<<<<

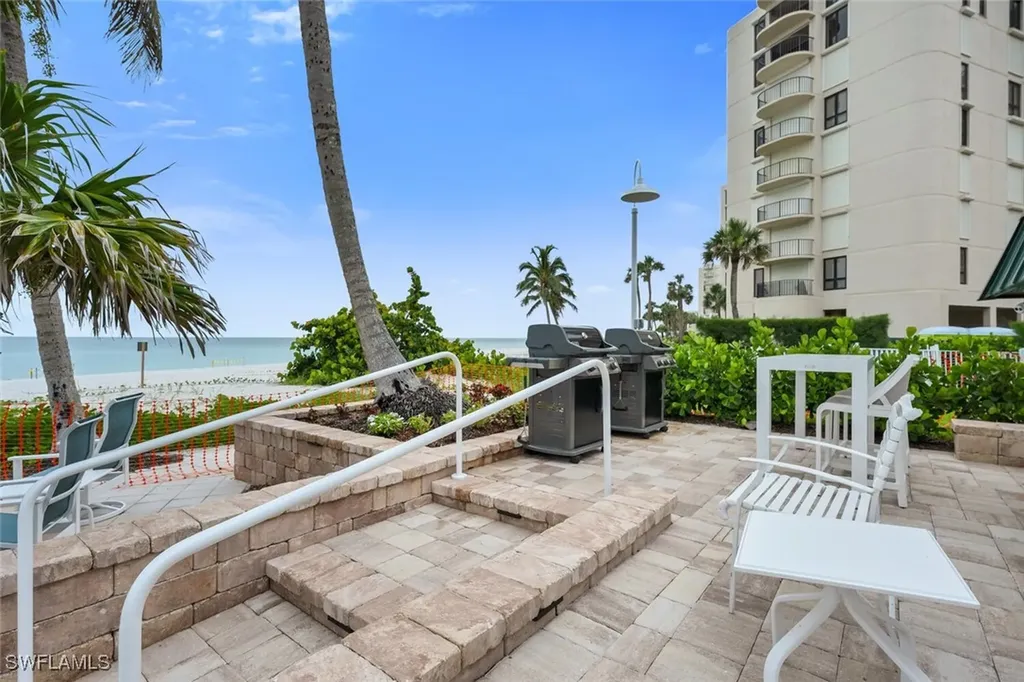 3003 Gulf Shore Boulevard N Naples FL 34103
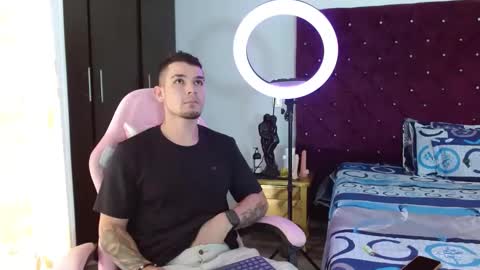 booyhott_ online show from November 5, 6:54 pm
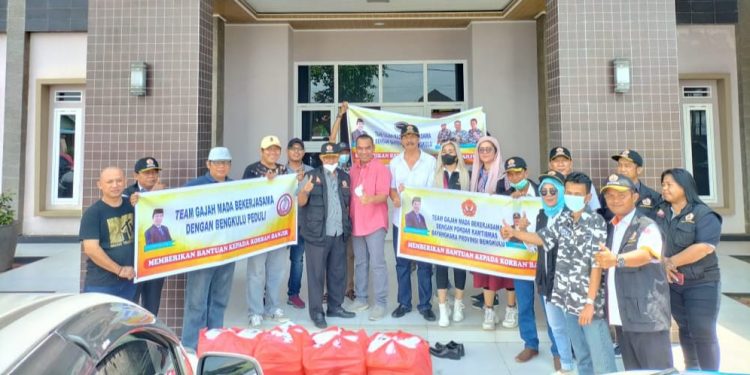 Team Gajah Mada Bekerjasama Dengan Komunitas Bengkulu Peduli Menyalurkan Bantuan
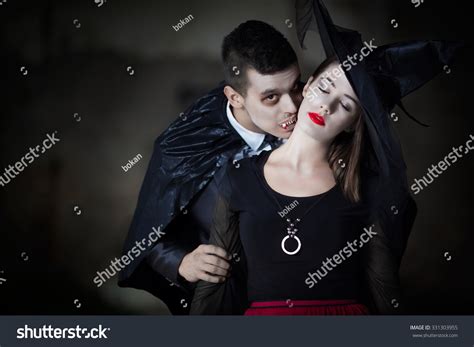 Male Vampire Kissing Witch Neck Stockfoto 331303955 Shutterstock
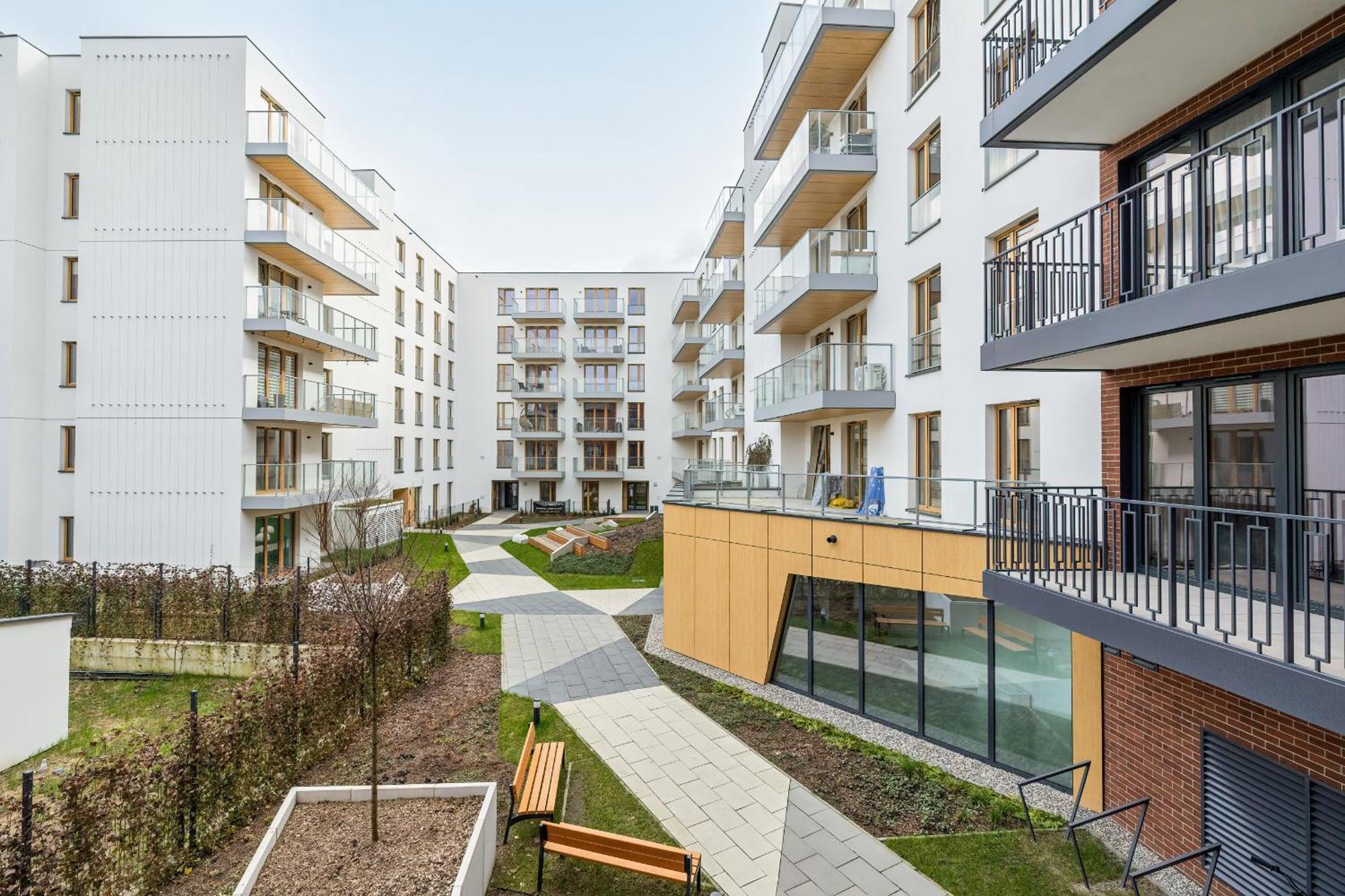 Cozy Apartment Orawska With Balcony By Noclegi Renters Krasków Exterior foto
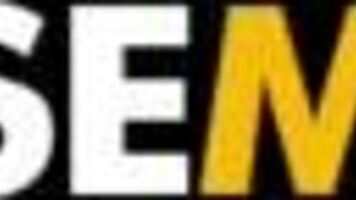 克洛伊心情低落,继母赛伦用甜蜜舔舐让她开心起来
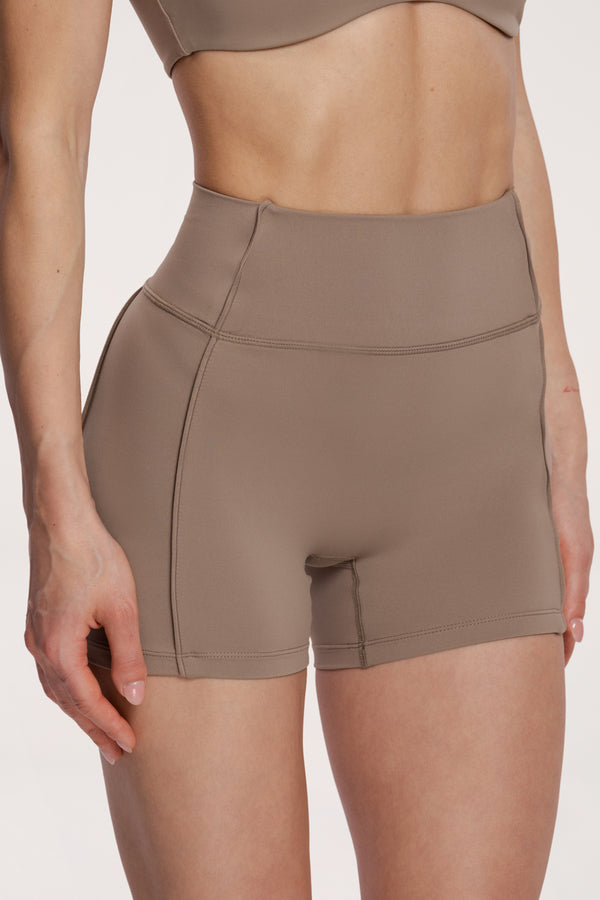 Pilates Era rövidnadrág warm beige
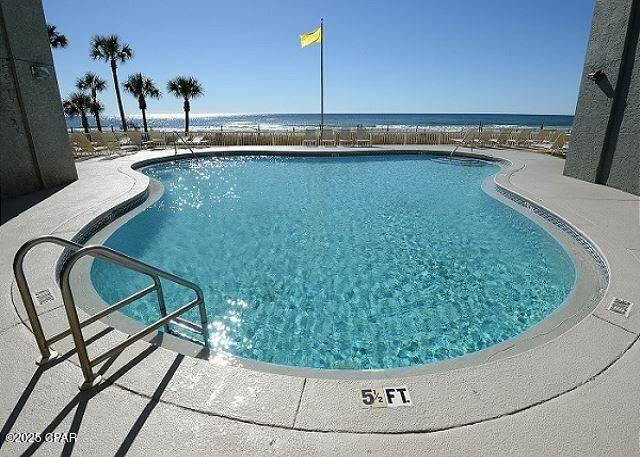 Kn8xr Qj2oud3uzmkz_hdzwfejv 5xfg8w0zujcuedc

>>>>

AIM OF THE TASK:
Reproduce, word for word, the lines from the one containing "Male Vampire Kissing" to the end of the material, both ends included. No picture is copied.

OUTPUT FOR THIS EXERCISE:
 Male Vampire Kissing Witch Neck Stockfoto 331303955 Shutterstock
 Cozy Apartment Orawska With Balcony By Noclegi Renters Krasków Exterior foto
 克洛伊心情低落,继母赛伦用甜蜜舔舐让她开心起来
 Pilates Era rövidnadrág warm beige
 Kn8xr Qj2oud3uzmkz_hdzwfejv 5xfg8w0zujcuedc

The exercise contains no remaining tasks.